§ **EXTRACTED DATA**
************

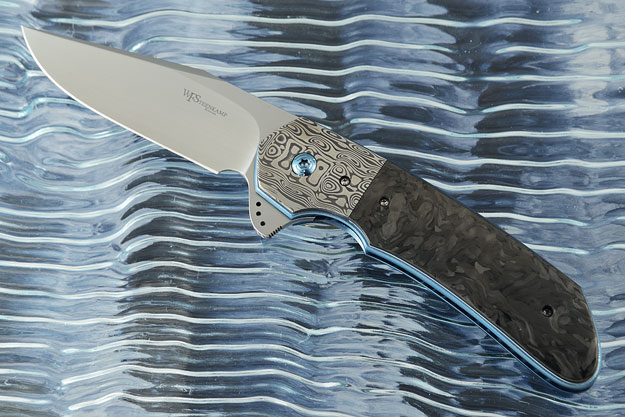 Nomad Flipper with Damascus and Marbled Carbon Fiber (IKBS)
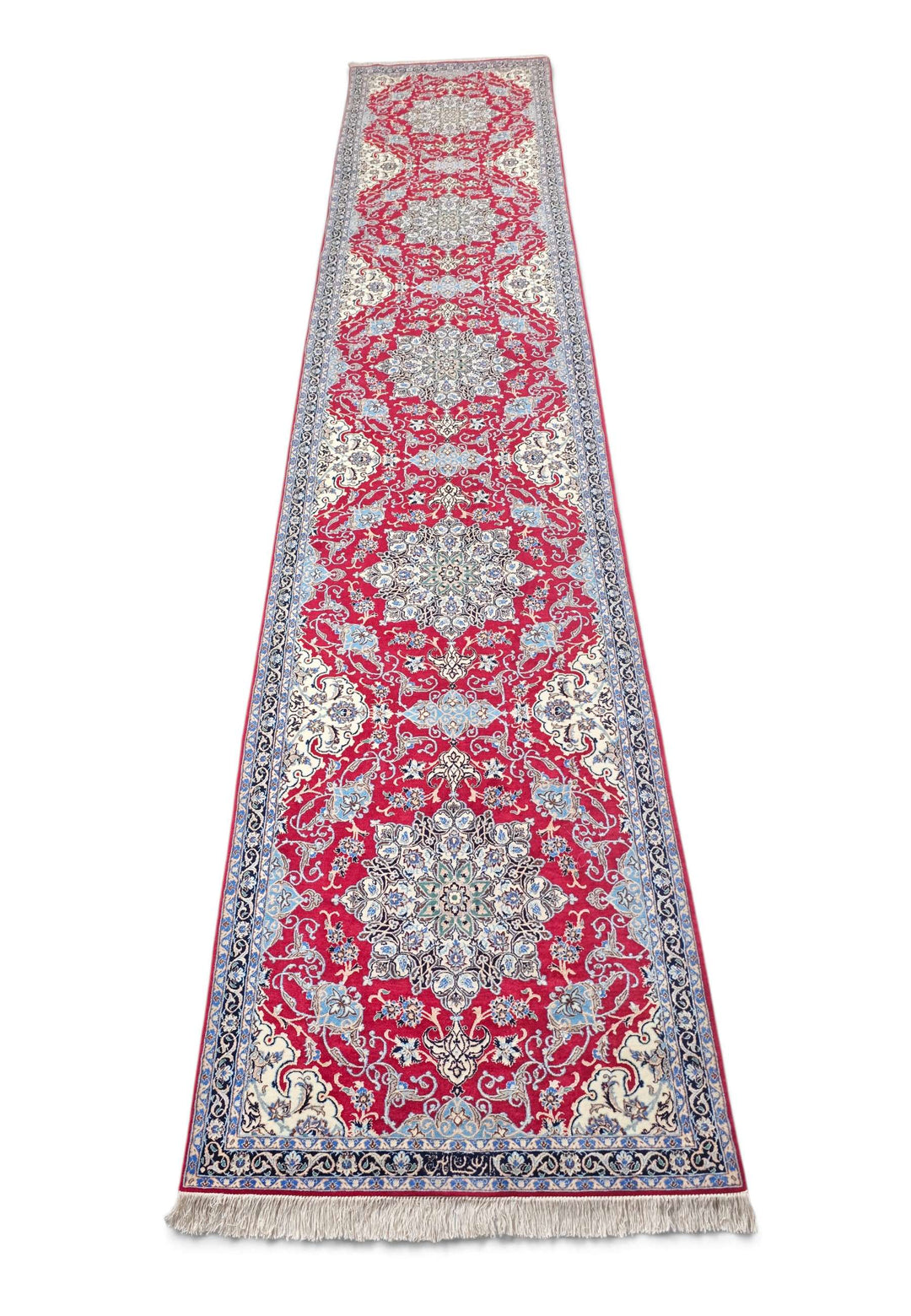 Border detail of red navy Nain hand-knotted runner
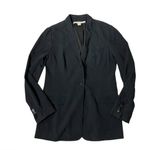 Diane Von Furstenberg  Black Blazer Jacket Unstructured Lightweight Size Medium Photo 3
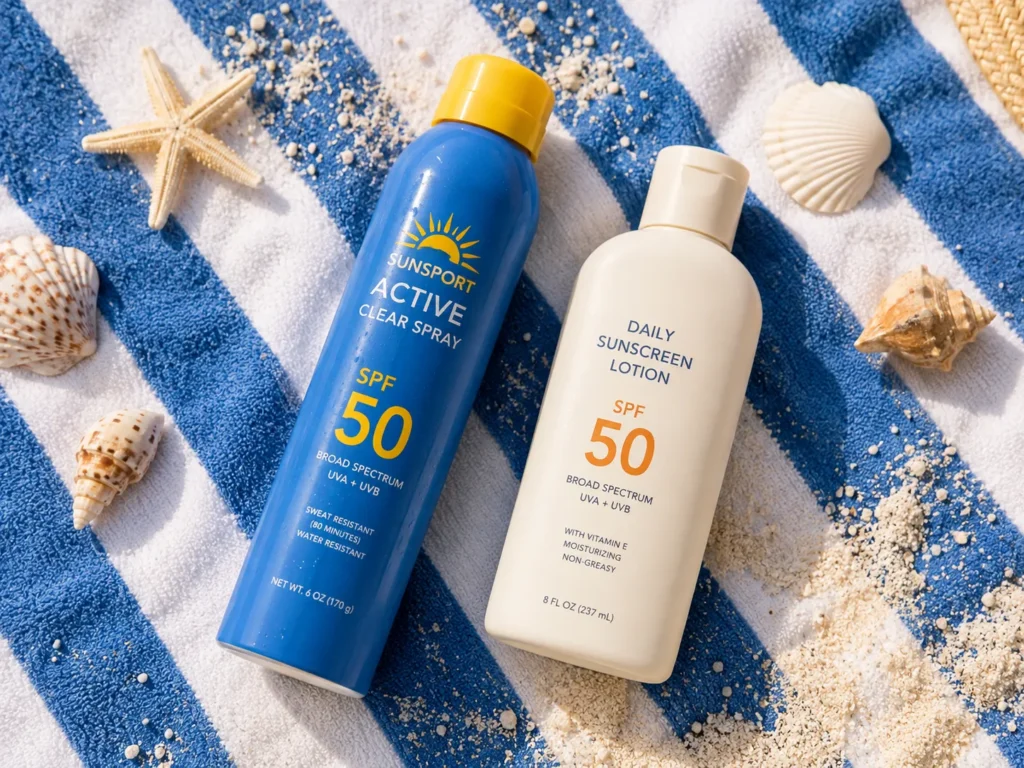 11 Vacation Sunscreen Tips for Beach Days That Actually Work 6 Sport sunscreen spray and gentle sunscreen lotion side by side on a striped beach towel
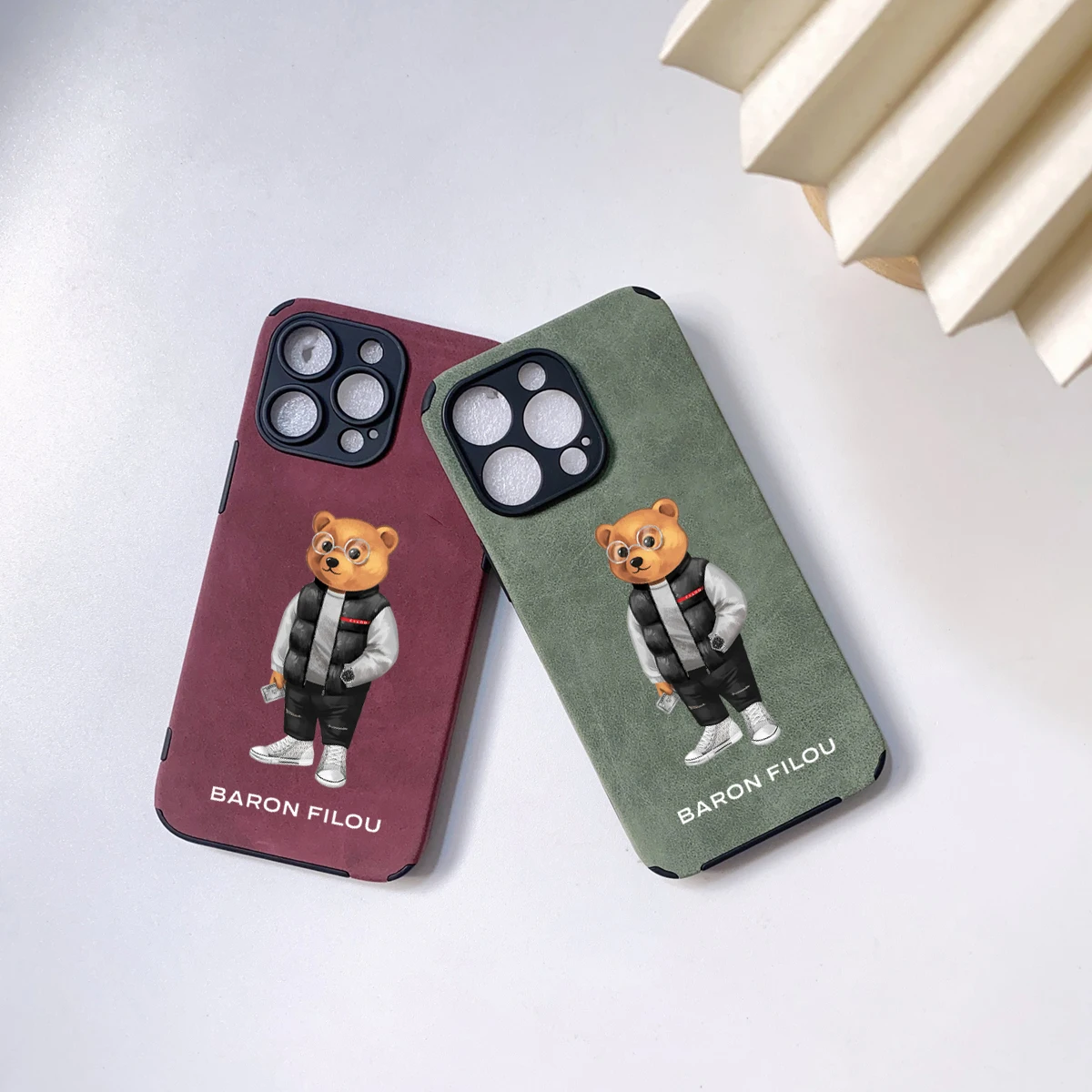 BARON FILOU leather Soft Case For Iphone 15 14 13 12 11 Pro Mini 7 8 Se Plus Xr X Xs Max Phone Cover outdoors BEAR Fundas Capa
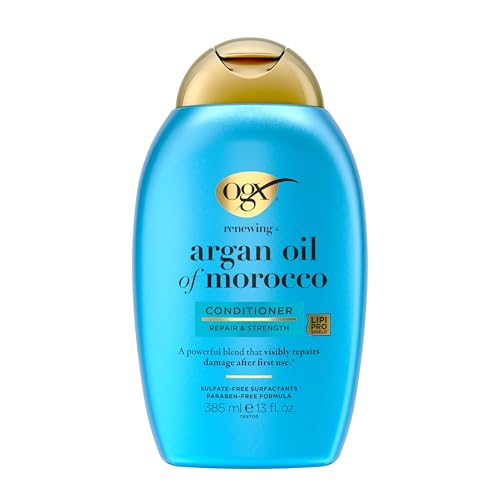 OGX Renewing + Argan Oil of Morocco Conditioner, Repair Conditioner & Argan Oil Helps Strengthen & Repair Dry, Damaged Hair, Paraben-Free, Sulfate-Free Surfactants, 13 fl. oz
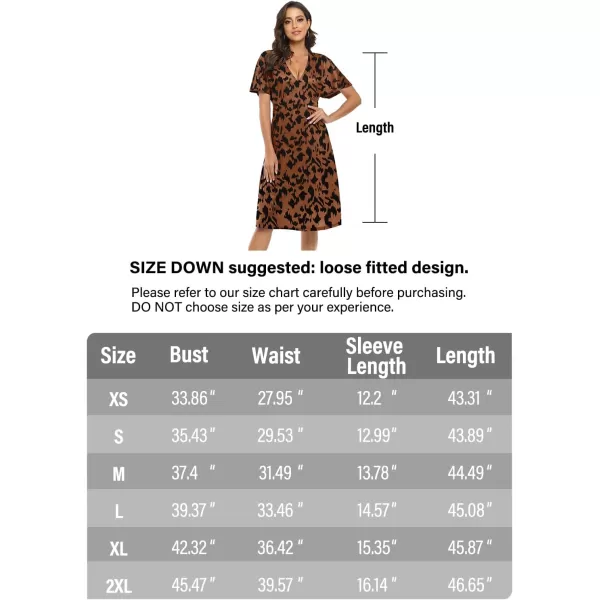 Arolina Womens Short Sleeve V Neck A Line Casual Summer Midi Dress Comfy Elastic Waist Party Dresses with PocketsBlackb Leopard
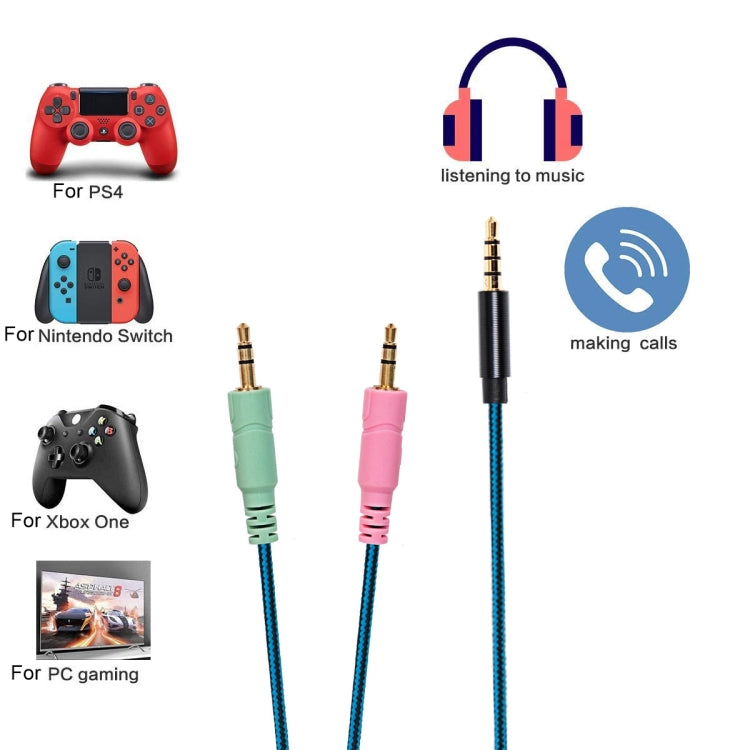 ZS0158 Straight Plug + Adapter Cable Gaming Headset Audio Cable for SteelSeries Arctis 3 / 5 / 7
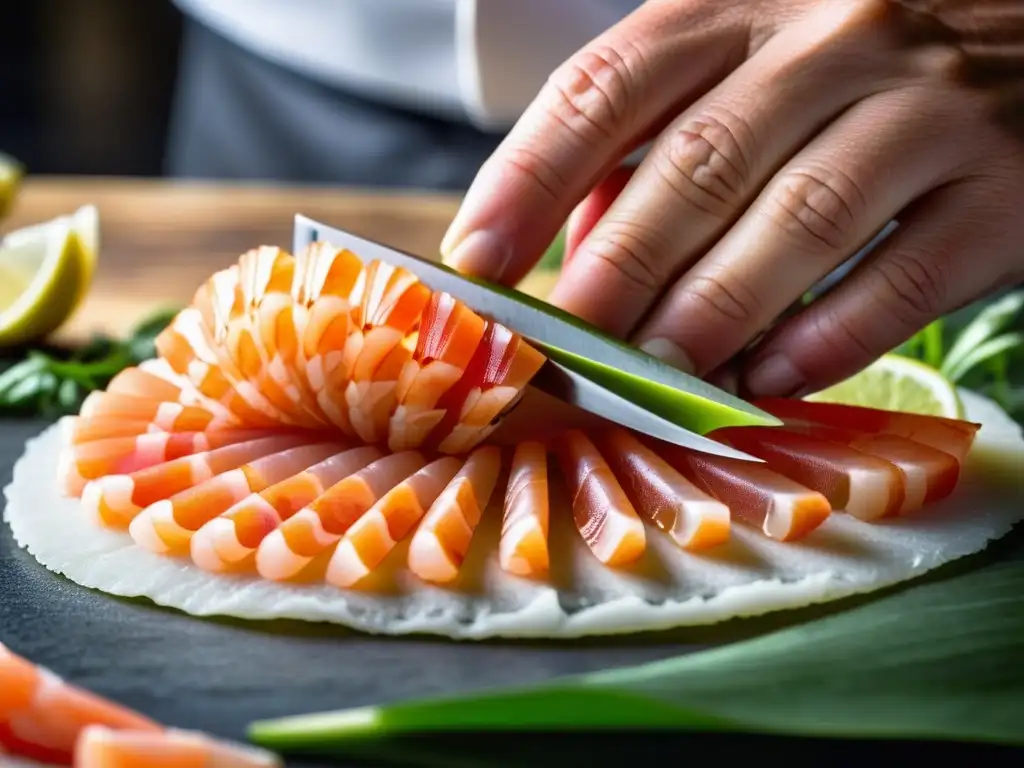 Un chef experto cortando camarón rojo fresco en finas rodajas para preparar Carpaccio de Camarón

************

§ **ABOUT THIS TASK**
Restate the entries above word for word, minus the pictures.

§ **REPLY TO THE EXERCISE**
 Nomad Flipper with Damascus and Marbled Carbon Fiber (IKBS)
 Border detail of red navy Nain hand-knotted runner
 Diane Von Furstenberg  Black Blazer Jacket Unstructured Lightweight Size Medium Photo 3
 11 Vacation Sunscreen Tips for Beach Days That Actually Work 6 Sport sunscreen spray and gentle sunscreen lotion side by side on a striped beach towel
 BARON FILOU leather Soft Case For Iphone 15 14 13 12 11 Pro Mini 7 8 Se Plus Xr X Xs Max Phone Cover outdoors BEAR Fundas Capa
 OGX Renewing + Argan Oil of Morocco Conditioner, Repair Conditioner & Argan Oil Helps Strengthen & Repair Dry, Damaged Hair, Paraben-Free, Sulfate-Free Surfactants, 13 fl. oz
 Arolina Womens Short Sleeve V Neck A Line Casual Summer Midi Dress Comfy Elastic Waist Party Dresses with PocketsBlackb Leopard
 ZS0158 Straight Plug + Adapter Cable Gaming Headset Audio Cable for SteelSeries Arctis 3 / 5 / 7
 Un chef experto cortando camarón rojo fresco en finas rodajas para preparar Carpaccio de Camarón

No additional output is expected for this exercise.